+++ Exercise materials
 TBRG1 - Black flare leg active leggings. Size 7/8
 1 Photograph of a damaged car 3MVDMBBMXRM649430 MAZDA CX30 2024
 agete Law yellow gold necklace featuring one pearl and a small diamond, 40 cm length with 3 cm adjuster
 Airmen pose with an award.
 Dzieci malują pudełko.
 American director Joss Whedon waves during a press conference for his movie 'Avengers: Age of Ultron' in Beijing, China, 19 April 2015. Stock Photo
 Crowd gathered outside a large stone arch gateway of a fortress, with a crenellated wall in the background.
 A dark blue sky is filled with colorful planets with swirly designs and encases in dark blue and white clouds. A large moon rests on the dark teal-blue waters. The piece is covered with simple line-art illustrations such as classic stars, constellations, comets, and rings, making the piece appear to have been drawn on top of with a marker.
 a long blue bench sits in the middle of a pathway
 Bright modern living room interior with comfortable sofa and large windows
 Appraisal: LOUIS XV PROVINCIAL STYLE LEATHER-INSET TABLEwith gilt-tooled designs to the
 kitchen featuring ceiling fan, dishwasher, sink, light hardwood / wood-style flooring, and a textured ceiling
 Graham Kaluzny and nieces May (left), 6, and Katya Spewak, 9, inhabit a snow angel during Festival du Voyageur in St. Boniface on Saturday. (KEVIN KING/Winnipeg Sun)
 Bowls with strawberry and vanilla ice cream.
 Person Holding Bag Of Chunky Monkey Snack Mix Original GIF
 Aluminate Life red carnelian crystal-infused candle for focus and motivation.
++++++
→ What to work on
Verbatim reproduction is required for the line holding "Graham Kaluzny and" and for every line after it in the records, with no other line included.

→ Result
 Graham Kaluzny and nieces May (left), 6, and Katya Spewak, 9, inhabit a snow angel during Festival du Voyageur in St. Boniface on Saturday. (KEVIN KING/Winnipeg Sun)
 Bowls with strawberry and vanilla ice cream.
 Person Holding Bag Of Chunky Monkey Snack Mix Original GIF
 Aluminate Life red carnelian crystal-infused candle for focus and motivation.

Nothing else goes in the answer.